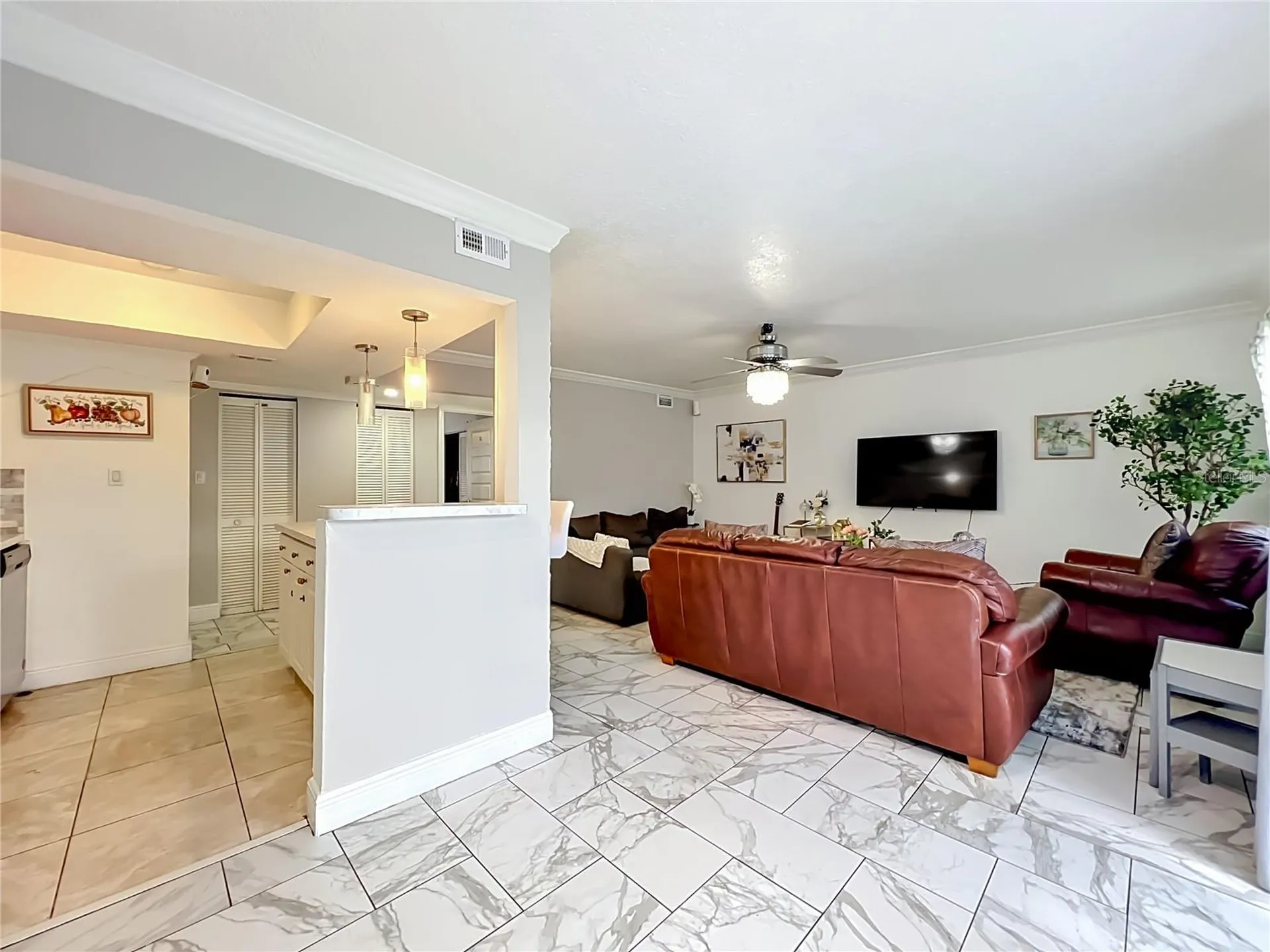 4805 S Texas Avenue Orlando FL 32839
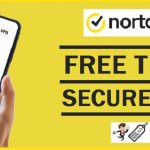 Norton Free Trial For 30-Day 2023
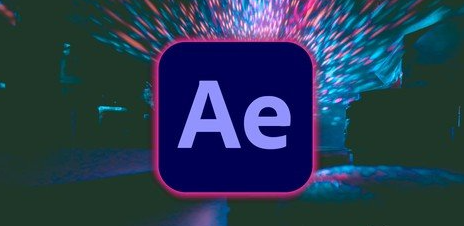 Learn Basics Of Adobe After Effects CC 2022 for Beginners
+++++
From the first line to the last, write out the data exactly, dropping any pictures.

_YOUR RESPONSE_
 4805 S Texas Avenue Orlando FL 32839
 Norton Free Trial For 30-Day 2023
 Learn Basics Of Adobe After Effects CC 2022 for Beginners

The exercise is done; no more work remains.